1. Field of the Invention
The present invention relates to a steering control system for a vehicle equipped with an electric power steering device, and in particular to such a steering control system for a vehicle which is capable of producing a reactive steering torque in response to a detected behavior of the vehicle.
2. Description of the Related Art
Power steering systems for reducing the steering effort required to steer the vehicle are known, and one example of such systems is disclosed in Japanese patent publication (kokoku) No. 50-33584. According to this power steering system, the steering torque applied from a steering wheel is assisted by an output torque of an electric motor whose magnitude primarily depends on the magnitude of the applied manual steering torque. By varying the gain for the detected steering torque applied to the steering wheel by the vehicle operator according to the vehicle speed and the road condition, the output torque of the assisting electric motor is adjusted so that an optimum steering assist torque may be obtained at all times.
When the vehicle encounters a strong crosswind or side wind, or runs into ruts or other irregular road surface features, the vehicle tends to deviate from the intended straight path of travel. When the vehicle travels over a low frictional coefficient road surface, such as a frozen road surface, or the vehicle is traveling at a low speed, the effort required to steer the vehicle significantly diminishes.
According to the conventional power steering system, however, the assisting torque is produced only when the vehicle operator has applied some steering torque to the steering wheel. Therefore, when the vehicle deviates from the intended straight path of travel due to crosswind, the electric motor will not produce any assisting torque by itself. Therefore, to prevent the deviation of the vehicle from the intended path, the vehicle operator must constantly apply a manual steering torque to the steering wheel. According to the conventional steering system, the assisting torque is generally small when the lateral acceleration and the yaw rate of the vehicle are large. Therefore, when the vehicle deviates from an intended path of travel, the steering input necessary to restore the vehicle to the intended path of travel becomes progressively greater as the lateral acceleration and the yaw rate of the vehicle increase.

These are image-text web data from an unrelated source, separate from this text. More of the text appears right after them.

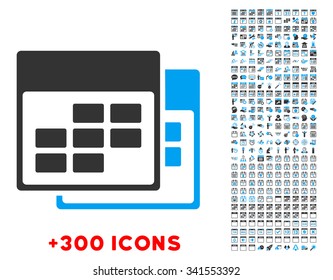 Two Calendars vector pictogram with additional 300 date and time management icons. Style is bicolor flat symbols, blue and gray colors, rounded angles, white background.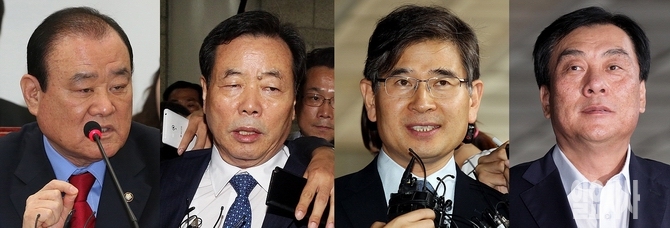 (사진 왼쪽부터) 새누리당 송광호·조현룡 의원, 새정치민주연합 김재윤 의원, 무소속 박기춘 의원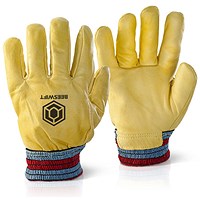 Beeswift Freezer Gloves, One Piece Back, Yellow, Pack of 10 Beeswift Freezer Gloves, One Piece Back, Yellow, Pack of 10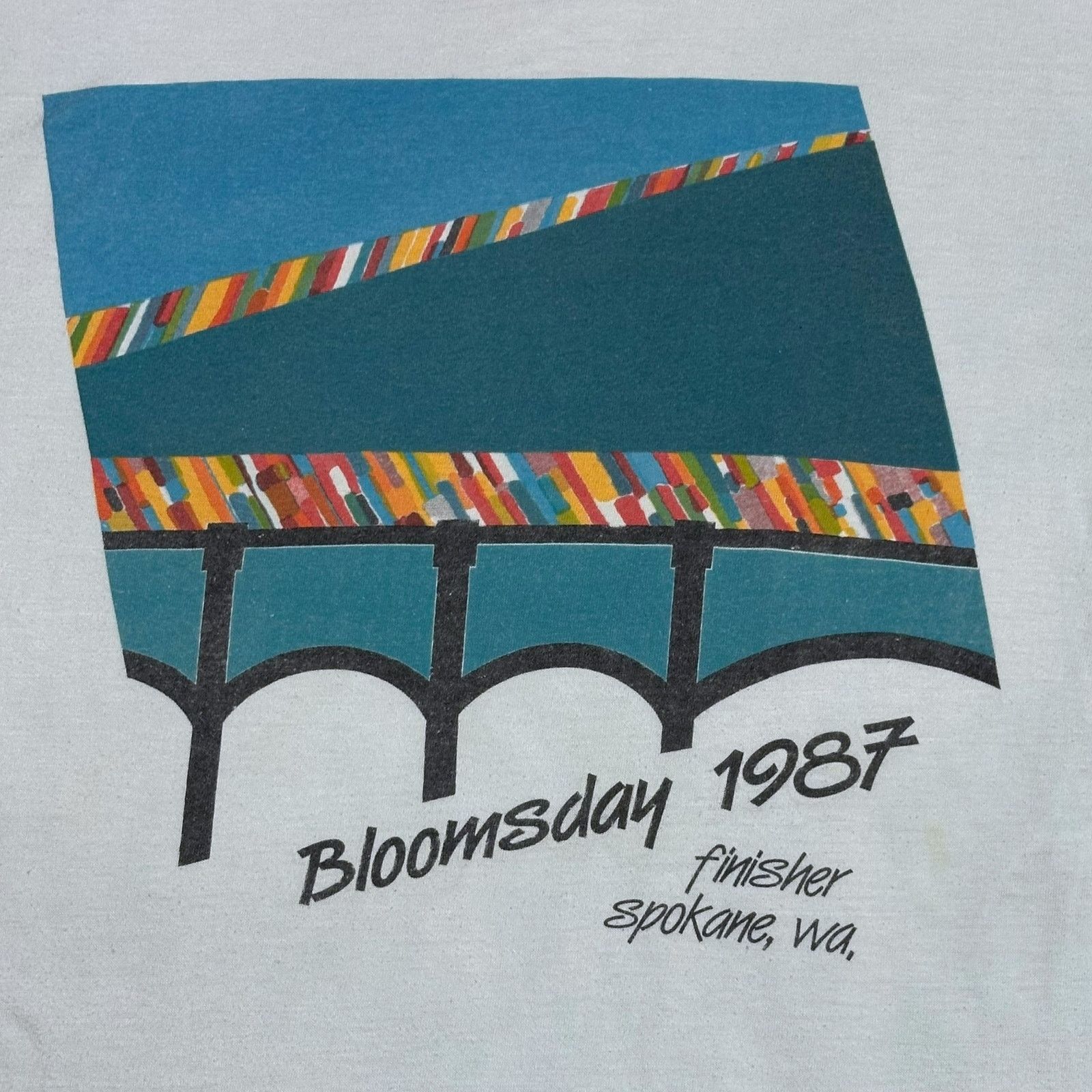 Nike × Vintage Vintage 80s Nike Swoosh Bloomsday Run 1987 Spokane Tee Size US L / EU 52-54 / 3 - 3 Thumbnail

It was previously proposed to compute a reference behavior of the vehicle in terms of a lateral acceleration and/or a yaw rate for a given steering angle and vehicle speed, detect the actual behavior of the vehicle, and apply a reactive steering torque so as to minimize the deviation of the detected vehicle behavior from the reference vehicle behavior. For details of such control arrangements, reference should be made to U.S. Pat. Nos. 5,528,497, 5,703,775, and 5,774,819 which are assigned to the common assignee, and the contents of these patents are hereby incorporated in this application by reference.
According to such a proposal, it is possible to control the vehicle in a stable fashion even when subjected to various external interferences. Also, the handling of the vehicle on a slippery road surface can be improved by preventing excessive steering. However, such control processes are based on the assumption that the vehicle is traveling forward, and would not work properly if the vehicle is traveling rearward. The vehicle speed sensor is typically unable to distinguish the traveling direction of the vehicle. As can be readily appreciated, the relationship between the steering angle and the resulting yaw rate when the vehicle is traveling rearward is reversed from that when the vehicle is traveling forward. When the vehicle traveling forward is steered to the right, the vehicle turns in clockwise direction as seen from above. However, when the vehicle traveling rearward is steered to the right, the vehicle turns in counter-clockwise direction, as seen from above. Therefore, when a reactive steering assist torque is produced when the vehicle is traveling rearward, it will act in the opposite direction and tends to produce an undesired result. For instance, when the vehicle is traveling on a low-frictional coefficient road surface, the reactive steering assist torque should increase the effort required to steer the vehicle so as to prevent any excessive steering. But, if the vehicle is traveling rearward, the reactive steering assist torque will reduce the effort required to steer the vehicle, and this promotes excessive steering to the discomfort of the vehicle operator.